Girgenti e Crippa, però, non si limitano a una disamina retrospettiva; il riferimento a pensatori contemporanei come Giovanni Reale, Michel Foucault, Pierre Hadot e Jan Potočka fornisce una struttura che collega il pensiero antico e quello moderno all’insegna della nozione di “cura di sé”, suggerendo una continuità e una rilevanza persistente della cura dell’anima, anche in una società sempre più digitalizzata. Inoltre, gli autori non mancano di polemizzare con i filosofi contemporanei che si sforzano non solo di capire l’era dell’IA nei suoi aspetti tecnici ma anche di scendere a patti con essa.
A tal proposito, i bersagli polemici sono due importanti nomi del pensiero italiano contemporaneo: «capita anche un incredibile ribaltamento di ruoli: ingegneri, programmatori e sviluppatori fanno riflessioni venate di pessimismo se non di catastrofismo, mentre non è impossibile trovare filosofi e umanisti in genere contenti come neosposi nel nuovo rapporto con l’intelligenza aliena (da Luciano Floridi a Maurizio Ferraris)».

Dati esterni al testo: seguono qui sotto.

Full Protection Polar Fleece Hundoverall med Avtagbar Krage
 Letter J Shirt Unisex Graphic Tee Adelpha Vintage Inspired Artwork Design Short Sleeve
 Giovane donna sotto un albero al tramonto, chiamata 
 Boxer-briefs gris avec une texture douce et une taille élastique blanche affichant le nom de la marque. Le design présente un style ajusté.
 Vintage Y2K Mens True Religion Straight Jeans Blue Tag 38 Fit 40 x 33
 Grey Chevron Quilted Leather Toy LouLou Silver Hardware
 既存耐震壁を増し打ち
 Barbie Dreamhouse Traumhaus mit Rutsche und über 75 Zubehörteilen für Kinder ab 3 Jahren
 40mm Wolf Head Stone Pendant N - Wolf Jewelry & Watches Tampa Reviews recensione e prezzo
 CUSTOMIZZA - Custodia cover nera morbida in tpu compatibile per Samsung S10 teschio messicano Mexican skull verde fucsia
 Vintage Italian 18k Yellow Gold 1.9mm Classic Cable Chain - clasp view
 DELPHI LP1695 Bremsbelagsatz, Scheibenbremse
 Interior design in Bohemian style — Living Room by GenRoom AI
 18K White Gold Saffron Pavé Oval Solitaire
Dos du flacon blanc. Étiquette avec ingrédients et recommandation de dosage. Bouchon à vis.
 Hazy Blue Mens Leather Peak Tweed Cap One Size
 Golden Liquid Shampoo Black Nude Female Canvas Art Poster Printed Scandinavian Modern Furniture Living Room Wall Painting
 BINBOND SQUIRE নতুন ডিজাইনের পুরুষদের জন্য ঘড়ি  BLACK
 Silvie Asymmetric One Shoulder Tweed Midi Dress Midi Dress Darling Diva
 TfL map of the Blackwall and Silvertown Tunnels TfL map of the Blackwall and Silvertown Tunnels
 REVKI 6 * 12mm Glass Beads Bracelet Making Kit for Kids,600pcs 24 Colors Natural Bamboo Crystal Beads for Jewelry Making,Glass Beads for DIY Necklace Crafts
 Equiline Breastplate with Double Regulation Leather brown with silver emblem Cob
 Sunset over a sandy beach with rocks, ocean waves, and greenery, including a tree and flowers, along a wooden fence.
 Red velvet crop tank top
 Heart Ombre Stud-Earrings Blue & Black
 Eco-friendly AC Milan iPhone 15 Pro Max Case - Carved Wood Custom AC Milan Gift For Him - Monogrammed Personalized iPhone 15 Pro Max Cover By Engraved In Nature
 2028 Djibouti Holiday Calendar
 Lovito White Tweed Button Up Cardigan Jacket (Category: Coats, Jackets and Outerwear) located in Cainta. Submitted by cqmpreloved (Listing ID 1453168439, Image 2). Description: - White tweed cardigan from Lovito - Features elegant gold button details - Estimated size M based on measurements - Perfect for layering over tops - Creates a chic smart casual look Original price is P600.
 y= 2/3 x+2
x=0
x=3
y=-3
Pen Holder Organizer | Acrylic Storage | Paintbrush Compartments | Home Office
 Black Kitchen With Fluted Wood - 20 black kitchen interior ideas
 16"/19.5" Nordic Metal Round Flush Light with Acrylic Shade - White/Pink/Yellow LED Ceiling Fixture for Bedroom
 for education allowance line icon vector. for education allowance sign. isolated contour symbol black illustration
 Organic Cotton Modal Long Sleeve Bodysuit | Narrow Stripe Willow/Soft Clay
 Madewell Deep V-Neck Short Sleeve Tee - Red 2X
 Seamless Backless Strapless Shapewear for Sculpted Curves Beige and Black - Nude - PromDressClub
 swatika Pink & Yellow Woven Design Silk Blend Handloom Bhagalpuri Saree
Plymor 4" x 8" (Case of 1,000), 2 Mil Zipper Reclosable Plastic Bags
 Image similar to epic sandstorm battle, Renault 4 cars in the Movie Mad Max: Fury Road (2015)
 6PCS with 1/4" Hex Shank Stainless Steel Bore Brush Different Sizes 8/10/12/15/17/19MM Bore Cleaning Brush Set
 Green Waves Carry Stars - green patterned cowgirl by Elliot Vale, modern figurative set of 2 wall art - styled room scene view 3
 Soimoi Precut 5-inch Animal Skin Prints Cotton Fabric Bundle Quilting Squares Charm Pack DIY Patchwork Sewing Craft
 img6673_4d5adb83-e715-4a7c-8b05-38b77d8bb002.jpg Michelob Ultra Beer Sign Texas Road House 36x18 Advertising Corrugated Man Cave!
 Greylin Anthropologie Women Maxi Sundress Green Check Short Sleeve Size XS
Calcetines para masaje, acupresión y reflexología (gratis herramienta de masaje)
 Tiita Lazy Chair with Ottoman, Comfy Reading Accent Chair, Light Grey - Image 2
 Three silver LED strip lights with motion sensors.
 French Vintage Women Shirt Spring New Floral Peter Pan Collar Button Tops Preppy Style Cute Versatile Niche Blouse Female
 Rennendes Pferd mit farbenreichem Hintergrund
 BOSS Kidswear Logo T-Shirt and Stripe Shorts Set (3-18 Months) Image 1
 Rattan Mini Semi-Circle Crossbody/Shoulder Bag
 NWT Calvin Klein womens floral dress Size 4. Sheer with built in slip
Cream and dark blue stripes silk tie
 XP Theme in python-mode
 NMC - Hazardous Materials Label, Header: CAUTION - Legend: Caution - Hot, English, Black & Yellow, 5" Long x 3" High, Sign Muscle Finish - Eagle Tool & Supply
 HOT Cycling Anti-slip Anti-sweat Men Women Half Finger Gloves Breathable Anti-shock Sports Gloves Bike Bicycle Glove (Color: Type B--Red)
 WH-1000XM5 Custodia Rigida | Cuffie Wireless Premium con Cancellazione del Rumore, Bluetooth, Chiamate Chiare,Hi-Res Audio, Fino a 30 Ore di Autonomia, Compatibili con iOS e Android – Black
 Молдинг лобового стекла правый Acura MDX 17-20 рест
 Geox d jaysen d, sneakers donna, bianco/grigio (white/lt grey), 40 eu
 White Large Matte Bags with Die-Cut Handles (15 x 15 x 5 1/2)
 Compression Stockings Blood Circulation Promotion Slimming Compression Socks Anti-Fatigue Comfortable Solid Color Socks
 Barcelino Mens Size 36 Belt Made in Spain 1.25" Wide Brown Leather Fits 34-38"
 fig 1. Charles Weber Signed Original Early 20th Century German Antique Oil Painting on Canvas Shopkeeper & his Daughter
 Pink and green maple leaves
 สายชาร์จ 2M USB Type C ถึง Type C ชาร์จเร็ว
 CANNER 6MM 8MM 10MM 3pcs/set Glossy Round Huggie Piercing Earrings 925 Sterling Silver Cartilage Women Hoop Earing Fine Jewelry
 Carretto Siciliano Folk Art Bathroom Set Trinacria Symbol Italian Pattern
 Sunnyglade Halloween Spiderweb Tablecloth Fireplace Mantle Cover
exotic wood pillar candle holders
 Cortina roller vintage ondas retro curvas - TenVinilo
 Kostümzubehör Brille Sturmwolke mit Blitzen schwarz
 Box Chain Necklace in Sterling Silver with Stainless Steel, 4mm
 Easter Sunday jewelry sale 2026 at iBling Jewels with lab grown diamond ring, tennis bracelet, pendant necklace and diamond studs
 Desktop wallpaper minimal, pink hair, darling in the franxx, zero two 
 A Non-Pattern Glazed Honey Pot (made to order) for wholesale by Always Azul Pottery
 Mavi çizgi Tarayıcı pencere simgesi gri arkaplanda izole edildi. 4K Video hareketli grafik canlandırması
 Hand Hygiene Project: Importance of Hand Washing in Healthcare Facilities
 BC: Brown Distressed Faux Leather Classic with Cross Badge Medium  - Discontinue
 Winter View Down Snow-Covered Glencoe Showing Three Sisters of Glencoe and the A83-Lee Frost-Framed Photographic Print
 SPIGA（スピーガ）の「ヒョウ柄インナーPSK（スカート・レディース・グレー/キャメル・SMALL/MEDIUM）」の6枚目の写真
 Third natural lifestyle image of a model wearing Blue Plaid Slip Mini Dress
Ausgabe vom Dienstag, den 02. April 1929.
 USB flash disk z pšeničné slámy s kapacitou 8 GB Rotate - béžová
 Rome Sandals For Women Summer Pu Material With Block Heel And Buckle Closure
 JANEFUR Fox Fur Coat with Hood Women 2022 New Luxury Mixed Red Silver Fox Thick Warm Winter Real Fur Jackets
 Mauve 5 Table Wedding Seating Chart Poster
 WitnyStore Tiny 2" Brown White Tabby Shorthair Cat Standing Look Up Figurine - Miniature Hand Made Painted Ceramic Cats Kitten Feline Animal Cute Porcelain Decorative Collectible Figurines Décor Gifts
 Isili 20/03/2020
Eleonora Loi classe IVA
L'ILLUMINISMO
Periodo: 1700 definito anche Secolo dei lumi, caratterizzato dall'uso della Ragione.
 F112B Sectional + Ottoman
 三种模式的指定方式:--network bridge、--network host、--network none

L’aspetto polemico del libro suggerisce, per inevitabile dialettica, di rilevarne brevemente gli aspetti filosoficamente deboli, almeno a parere di chi scrive. Ecco come gli autori si presentano nel finale dell’Introduzione: «Nessuno dei due è un tecnologo o un informatico o un economista o un esperto di logica matematica. Ma proprio questi limiti mettono al riparo dal contagio neopositivista e tecnofilo». Quello che a tutti gli effetti è un “vizio” metodologico, cioè accingersi a parlare di ciò che in fondo non si conosce, come si vede, viene retoricamente venduto come una “virtù”.
Non solo. Il fatto stesso che il neopositivismo e la tecnofilia vengano presentati come una sorta di peste tradisce un orientamento vagamente idealistico e tecnofobo primonovecentesco. E non è un caso che l’ultima parola filosofica sulla morte, nell’ultimo capitolo, venga affidata a Heidegger, il padre spirituale di una ciancia apocalittica sulla “tecnica” che i suoi imitatori vanno ripetendo ormai da quasi un secolo come un disco rotto.
La nozione di “anima” (o “psyche”), poi, è data per acquisita e condivisa, come se non esistessero tradizioni di pensiero, dal materialismo antico alle odierne scienze cognitive, che ne mettono in seria discussione la plausibilità; senza contare che dal mondo greco classico a quello latino, prima pagano e poi cristiano, tale nozione è stata declinata in innumerevoli modi, non sempre conciliabili tra loro, mentre per Girgenti e Crippa l’anima è semplicemente una “realtà (!) complessa e misteriosa” (una caratterizzazione, peraltro, che scatenerebbe risate omeriche in molti filosofi della mente di oggi).
Per concludere, questo libro costituisce un ottimo manuale di sopravvivenza per spiritualisti tecnofobi colti che amano pensarsi come fatti a immagine e somiglianza di un dio, considerarsi di conseguenza autorizzati ad amministrare la natura come procuratori esclusivi del creatore, muoversi tra una grecità cristianizzata e un cristianesimo grecizzato e lasciar parlare, persino in sede di discussione filosofica adulta, il fanciullino cartesiano (nel senso di Paul Bloom) che vive e lotta con loro.